The Service of Licensing, Commissioning, and Ordination at the 2011 Florida Annual Conference.

Today I read a thoughtful and reasoned exploration of the future of the United Methodist Church written by Professor Jack Jackson from Clermont School of Theology.  I’ve been a fan of Jack’s from afar for several years, and have great faith in his heart’s desire for Methodism to be a vital movement that draws people to Christ, and builds the Kingdom of God on earth as it is in heaven.

The article is well done, but I think there is a more excellent way.

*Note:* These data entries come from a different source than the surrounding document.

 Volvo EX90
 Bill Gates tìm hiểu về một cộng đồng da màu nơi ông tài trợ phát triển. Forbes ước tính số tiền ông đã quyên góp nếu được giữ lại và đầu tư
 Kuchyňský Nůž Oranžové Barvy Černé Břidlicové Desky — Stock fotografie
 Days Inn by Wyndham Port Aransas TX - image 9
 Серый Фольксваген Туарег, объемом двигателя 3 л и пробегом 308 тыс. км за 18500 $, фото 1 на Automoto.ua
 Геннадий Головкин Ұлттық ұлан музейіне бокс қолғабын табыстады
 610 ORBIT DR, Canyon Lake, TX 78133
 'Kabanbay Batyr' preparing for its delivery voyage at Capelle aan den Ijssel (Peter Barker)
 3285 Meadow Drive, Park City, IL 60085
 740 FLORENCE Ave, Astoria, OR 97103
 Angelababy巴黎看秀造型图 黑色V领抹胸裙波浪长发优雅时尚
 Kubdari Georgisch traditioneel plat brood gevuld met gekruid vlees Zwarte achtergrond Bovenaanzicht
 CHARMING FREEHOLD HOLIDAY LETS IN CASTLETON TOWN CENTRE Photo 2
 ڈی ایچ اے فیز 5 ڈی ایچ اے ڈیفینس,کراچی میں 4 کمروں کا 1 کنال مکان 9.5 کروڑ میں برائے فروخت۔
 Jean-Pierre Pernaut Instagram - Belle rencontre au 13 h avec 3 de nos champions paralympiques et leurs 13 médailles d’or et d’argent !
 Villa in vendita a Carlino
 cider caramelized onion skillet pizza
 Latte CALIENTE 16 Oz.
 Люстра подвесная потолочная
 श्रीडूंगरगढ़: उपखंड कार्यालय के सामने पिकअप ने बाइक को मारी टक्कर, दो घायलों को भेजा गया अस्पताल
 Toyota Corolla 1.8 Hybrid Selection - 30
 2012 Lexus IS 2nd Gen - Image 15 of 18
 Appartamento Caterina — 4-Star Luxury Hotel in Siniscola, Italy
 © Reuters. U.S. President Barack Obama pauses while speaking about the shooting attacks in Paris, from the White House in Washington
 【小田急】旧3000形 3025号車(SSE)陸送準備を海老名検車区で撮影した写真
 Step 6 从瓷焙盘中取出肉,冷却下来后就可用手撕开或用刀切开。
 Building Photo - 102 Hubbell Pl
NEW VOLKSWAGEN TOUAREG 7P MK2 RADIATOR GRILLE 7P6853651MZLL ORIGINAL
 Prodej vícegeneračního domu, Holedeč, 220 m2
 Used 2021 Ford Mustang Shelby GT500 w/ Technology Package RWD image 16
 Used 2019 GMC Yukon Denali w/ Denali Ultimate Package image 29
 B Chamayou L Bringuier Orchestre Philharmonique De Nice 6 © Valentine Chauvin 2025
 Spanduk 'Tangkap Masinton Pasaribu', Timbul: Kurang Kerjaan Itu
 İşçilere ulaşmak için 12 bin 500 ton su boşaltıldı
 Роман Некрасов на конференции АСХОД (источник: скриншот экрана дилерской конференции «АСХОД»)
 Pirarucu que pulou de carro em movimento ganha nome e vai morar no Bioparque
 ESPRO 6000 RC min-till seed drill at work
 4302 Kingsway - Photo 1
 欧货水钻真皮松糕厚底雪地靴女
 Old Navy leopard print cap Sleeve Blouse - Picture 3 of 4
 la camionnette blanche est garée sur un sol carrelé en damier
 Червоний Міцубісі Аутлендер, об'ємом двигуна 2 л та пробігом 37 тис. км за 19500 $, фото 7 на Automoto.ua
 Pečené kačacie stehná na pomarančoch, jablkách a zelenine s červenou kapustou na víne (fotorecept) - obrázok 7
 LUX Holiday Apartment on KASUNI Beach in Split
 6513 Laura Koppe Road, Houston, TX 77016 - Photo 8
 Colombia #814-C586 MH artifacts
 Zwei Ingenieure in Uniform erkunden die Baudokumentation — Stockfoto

I urge anyone to read the article, as any summary here will fail to do justice to a well-written piece.  Briefly, however, Jack explored the possible endgames that lay ahead for the United Methodist Church should we continue to spend considerable resources of time and energy arguing over the  issue of homosexuality.  The United Methodist Church is experiencing it’s most rapid growth in nations that tend to support the current language in the denomination’s Book of Discipline which prohibits United Methodist clergy from performing same-sex marriages, and prohibits a homosexual person from becoming a candidate for ordained ministry.   With both sides on the issue well-entrenched, Jack suggests that the time has come for this “united” church to explore disunion: a split into two distinct denominations along the fault line of progressive and traditional views of human sexuality.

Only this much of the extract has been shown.